La nueva regulación transpone la Directiva (UE) 2023/2661 y refuerza la importancia del intercambio de datos en tiempo real entre administraciones, gestores de infraestructuras, operadores de transporte y proveedores de servicios de movilidad. Entre otros aspectos, impulsa la creación y consolidación de los Puntos de Acceso Nacionales de Tráfico y Movilidad, Transporte Multimodal y Zonas de Estacionamiento Seguras, que actuarán como nodos de información para mejorar la gestión de la movilidad y la seguridad vial.
Para el sector del transporte de mercancías peligrosas, la norma resulta especialmente interesante porque reconoce expresamente la necesidad de intercambiar información relacionada con las mercancías peligrosas, las restricciones de circulación, los itinerarios y la gestión de incidentes. Asimismo, prevé la integración progresiva de herramientas digitales como la carta de porte electrónica (e-CMR), los sistemas de localización y seguimiento de mercancías y los servicios de emergencia conectados.
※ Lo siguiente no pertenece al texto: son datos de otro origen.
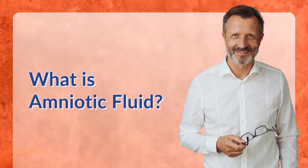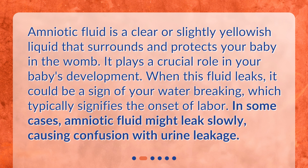What is amniotic fluid? Amniotic fluid is a clear or slightly yellowish liquid that surrounds and protects your baby in the womb. It plays a crucial role in your baby's development. When this fluid leaks, it could be a sign of your water breaking, which typically signifies the onset of labor. In some cases, amniotic fluid might leak slowly, causing confusion with urine leakage.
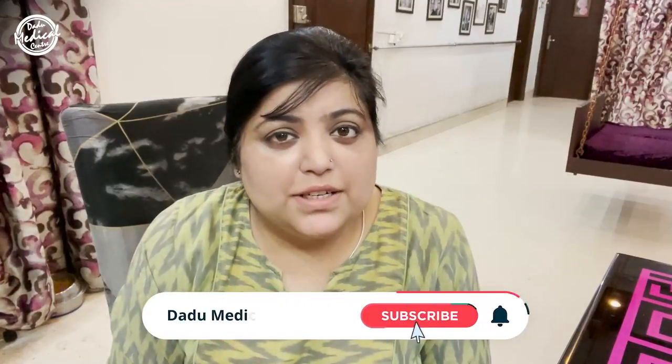TCA cross, or trichloroacetic acid, is also a very popular method to get rid of open pores. Meso botox, also called baby botox, is something that gives wonderful results in a very short time. I hope the video was informative. For more such content, follow me on Instagram at Dadu Skin Clinic, and subscribe to my YouTube channel, Dadu Medical Center, and press the bell icon for more updates.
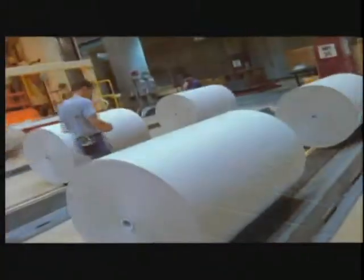Northpac is one of the largest newsprint facilities in North America. We make over 700,000 tons a year of newsprint. That represents every newspaper that is read in Washington, Oregon, and Idaho every day.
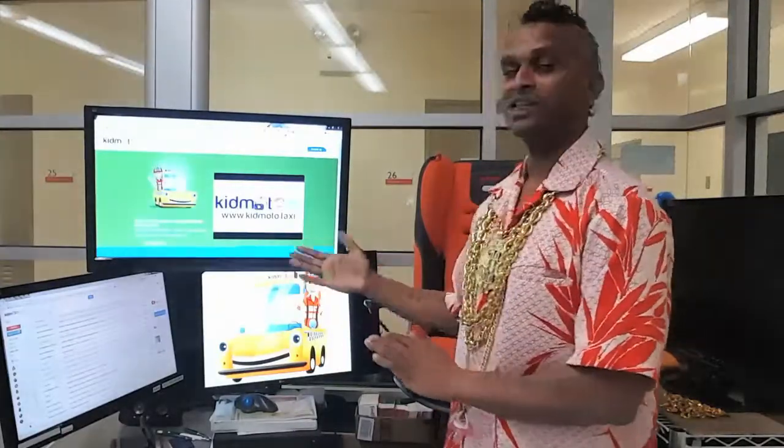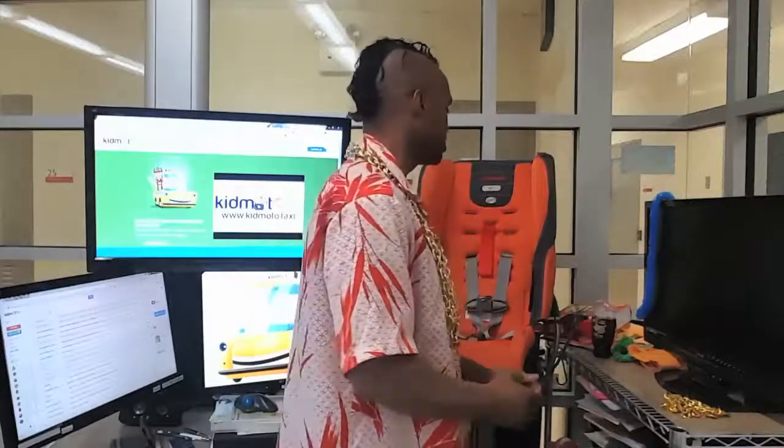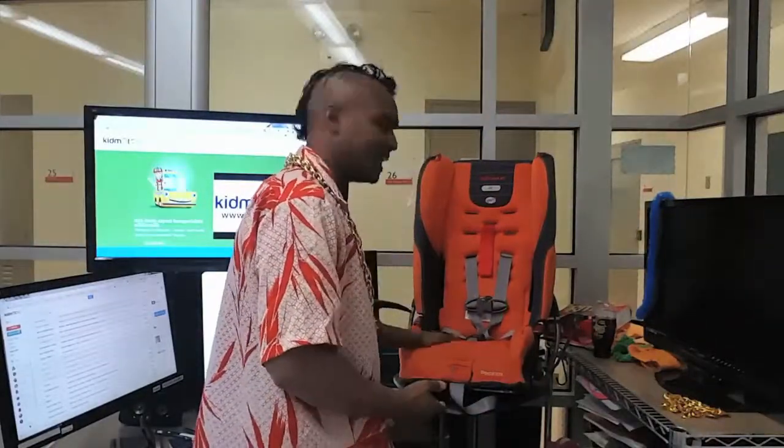My name is Nelson Nigel, founder and CEO of KidMoto Technologies. Hello and welcome to the Queens College Technology Incubator and KidMoto Technologies. KidMoto is a mobile app which connects passengers to a network of drivers who are trained by certified professionals in harnessing and installing car seats like these.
Esta evolución normativa confirma una tendencia que desde hace años impulsa la Unión Europea: avanzar hacia un transporte más inteligente, donde los datos permitan mejorar la seguridad, la trazabilidad y la eficiencia operativa. En este contexto, las empresas del sector químico y logístico deberán prepararse para un escenario en el que la digitalización documental, la interoperabilidad de sistemas y la gestión en tiempo real de la información serán elementos cada vez más relevantes.
Desde CliQIB seguiremos analizando el desarrollo de esta normativa y las futuras obligaciones que puedan derivarse para las empresas químicas y los operadores logísticos, especialmente en ámbitos relacionados con el ADR, la digitalización del transporte y los nuevos sistemas de movilidad inteligente.